▶ [Records provided]:
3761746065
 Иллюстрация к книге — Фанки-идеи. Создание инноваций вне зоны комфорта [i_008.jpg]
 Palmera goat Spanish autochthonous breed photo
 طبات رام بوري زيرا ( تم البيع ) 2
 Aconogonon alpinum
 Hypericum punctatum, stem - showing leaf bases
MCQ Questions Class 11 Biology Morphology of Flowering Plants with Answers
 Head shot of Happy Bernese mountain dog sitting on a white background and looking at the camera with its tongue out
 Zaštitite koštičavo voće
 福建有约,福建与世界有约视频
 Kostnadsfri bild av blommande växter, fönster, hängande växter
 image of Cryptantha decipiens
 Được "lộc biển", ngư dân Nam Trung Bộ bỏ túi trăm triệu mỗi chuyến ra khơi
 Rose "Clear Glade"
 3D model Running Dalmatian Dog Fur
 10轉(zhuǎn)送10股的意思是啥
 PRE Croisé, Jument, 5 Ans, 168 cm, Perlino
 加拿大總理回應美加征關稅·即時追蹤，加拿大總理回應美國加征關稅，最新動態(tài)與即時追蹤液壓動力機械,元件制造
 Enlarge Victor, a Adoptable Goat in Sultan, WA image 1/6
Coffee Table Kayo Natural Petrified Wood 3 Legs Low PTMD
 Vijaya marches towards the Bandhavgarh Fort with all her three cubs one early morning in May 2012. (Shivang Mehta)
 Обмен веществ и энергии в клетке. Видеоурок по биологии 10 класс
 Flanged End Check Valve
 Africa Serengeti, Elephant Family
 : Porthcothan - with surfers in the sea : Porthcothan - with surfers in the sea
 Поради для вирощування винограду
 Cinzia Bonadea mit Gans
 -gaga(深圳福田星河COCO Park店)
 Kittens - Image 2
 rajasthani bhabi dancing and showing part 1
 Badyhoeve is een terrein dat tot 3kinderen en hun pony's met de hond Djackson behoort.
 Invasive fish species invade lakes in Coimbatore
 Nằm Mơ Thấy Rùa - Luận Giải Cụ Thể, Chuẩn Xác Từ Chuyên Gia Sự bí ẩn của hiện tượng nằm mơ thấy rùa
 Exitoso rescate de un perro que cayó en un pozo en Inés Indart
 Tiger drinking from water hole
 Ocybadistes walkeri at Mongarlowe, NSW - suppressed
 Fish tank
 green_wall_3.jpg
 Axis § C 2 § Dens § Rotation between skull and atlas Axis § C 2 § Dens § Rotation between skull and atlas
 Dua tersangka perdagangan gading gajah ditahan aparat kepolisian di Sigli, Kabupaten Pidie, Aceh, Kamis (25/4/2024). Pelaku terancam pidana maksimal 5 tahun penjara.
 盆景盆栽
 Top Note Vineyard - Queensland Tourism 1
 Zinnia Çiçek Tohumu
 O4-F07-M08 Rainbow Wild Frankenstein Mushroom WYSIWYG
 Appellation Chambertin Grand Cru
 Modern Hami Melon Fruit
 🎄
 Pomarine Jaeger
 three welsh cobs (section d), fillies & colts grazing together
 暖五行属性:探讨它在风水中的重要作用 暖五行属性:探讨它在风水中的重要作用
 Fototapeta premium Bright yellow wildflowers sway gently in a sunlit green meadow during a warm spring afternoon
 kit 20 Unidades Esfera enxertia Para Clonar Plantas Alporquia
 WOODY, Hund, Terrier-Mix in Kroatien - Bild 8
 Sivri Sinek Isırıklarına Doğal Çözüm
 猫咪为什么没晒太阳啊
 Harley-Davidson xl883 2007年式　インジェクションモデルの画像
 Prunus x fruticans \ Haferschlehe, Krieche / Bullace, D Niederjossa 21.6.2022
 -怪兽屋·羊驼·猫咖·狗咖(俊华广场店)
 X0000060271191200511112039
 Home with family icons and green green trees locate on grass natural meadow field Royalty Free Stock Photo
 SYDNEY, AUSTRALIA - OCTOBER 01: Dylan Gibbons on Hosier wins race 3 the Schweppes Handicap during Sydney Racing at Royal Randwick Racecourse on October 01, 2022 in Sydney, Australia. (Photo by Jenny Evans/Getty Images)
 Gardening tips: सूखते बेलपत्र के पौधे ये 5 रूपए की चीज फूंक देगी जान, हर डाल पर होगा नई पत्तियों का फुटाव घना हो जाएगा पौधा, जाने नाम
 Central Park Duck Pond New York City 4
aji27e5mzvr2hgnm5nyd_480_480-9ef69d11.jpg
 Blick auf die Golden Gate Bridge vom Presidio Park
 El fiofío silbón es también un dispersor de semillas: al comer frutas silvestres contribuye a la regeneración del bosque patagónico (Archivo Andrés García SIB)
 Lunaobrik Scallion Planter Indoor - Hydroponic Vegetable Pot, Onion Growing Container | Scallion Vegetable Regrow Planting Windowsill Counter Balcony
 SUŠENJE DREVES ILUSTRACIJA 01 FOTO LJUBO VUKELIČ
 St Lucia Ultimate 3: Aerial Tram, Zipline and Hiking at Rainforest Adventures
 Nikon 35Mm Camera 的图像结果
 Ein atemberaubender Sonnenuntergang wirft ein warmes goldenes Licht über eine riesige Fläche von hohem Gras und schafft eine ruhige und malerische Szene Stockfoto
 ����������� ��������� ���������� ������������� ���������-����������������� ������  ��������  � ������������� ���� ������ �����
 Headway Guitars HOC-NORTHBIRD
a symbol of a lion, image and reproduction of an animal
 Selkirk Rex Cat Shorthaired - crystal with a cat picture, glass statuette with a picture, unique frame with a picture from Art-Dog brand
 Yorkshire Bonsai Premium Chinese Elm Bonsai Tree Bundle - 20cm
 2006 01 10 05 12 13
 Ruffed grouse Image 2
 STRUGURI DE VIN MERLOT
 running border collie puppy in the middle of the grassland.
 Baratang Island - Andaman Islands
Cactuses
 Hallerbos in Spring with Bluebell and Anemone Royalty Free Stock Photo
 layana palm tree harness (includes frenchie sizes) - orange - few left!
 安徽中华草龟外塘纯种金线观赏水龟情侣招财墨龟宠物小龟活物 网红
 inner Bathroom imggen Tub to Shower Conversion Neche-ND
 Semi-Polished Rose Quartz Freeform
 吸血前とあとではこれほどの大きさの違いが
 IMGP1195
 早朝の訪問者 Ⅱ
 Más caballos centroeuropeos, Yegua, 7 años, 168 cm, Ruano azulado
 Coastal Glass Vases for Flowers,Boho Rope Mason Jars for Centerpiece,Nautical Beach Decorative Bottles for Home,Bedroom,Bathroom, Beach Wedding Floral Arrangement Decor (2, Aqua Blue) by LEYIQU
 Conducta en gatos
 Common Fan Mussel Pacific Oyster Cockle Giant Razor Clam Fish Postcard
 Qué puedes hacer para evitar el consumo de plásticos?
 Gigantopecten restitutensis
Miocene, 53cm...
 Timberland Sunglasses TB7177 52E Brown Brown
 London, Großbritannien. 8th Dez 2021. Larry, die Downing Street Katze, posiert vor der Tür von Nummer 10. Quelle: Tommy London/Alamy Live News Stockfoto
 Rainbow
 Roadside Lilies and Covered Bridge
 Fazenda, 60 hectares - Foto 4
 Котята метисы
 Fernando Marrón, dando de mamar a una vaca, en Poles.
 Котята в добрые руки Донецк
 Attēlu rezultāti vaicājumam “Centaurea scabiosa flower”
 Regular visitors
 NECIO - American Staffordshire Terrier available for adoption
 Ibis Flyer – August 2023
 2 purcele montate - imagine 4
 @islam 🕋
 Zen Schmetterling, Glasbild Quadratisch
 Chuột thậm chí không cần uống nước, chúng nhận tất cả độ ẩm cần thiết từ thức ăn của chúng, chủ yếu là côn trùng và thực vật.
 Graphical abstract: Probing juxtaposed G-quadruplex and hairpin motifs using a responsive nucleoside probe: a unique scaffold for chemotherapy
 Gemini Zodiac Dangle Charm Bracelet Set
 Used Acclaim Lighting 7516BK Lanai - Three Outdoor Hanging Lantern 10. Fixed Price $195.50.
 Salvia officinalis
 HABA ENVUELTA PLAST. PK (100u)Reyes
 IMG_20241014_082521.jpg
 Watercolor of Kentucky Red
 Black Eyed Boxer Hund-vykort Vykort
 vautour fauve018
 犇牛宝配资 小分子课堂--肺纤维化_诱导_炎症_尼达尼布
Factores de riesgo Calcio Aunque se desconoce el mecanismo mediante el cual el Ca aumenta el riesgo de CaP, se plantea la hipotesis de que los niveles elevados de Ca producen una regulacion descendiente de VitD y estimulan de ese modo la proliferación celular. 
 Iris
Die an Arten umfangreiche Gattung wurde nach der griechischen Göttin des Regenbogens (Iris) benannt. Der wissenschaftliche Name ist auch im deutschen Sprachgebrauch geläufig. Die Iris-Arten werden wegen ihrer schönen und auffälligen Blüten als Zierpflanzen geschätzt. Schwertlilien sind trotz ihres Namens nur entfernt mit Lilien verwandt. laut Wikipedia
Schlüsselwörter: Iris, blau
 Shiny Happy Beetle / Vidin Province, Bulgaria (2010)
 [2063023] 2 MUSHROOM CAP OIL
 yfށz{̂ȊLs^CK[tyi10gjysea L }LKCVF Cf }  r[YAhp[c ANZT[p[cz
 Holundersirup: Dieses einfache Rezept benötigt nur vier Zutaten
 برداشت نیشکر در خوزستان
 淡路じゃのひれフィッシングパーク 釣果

▶ [Work request]:
The answer must consist of each line from the data that includes the string "showing".

▶ [Task output]:
 Hypericum punctatum, stem - showing leaf bases
 rajasthani bhabi dancing and showing part 1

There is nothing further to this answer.